WHAT THE TASK REQUIRES: Your copy must hold all of the data below, unchanged and without images.

SUPPLIED DATA:
□ □ □ □ □ □ □

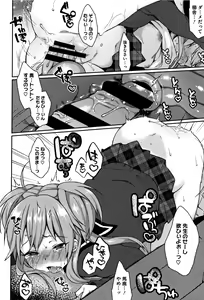 Page 50 of Torokemo - preview thumbnail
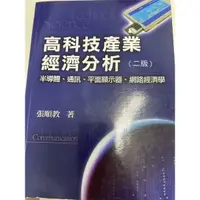 在飛比找蝦皮購物優惠-高科技產業經濟分析 二版 張順教著 下單前先聊聊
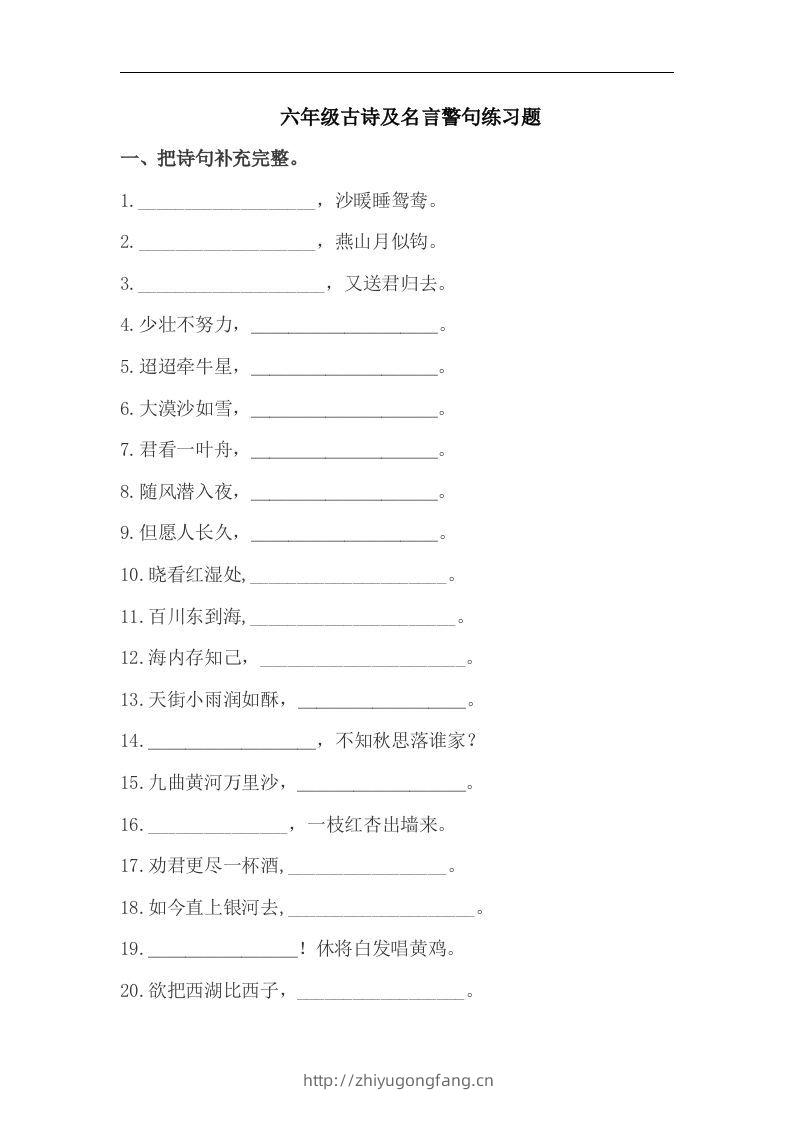 小升初语文古诗及名言警句练习题-学习资料站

□ □ □ □ □ □ □

REPLY TO THE EXERCISE:
 Page 50 of Torokemo - preview thumbnail
 在飛比找蝦皮購物優惠-高科技產業經濟分析 二版 張順教著 下單前先聊聊
 小升初语文古诗及名言警句练习题-学习资料站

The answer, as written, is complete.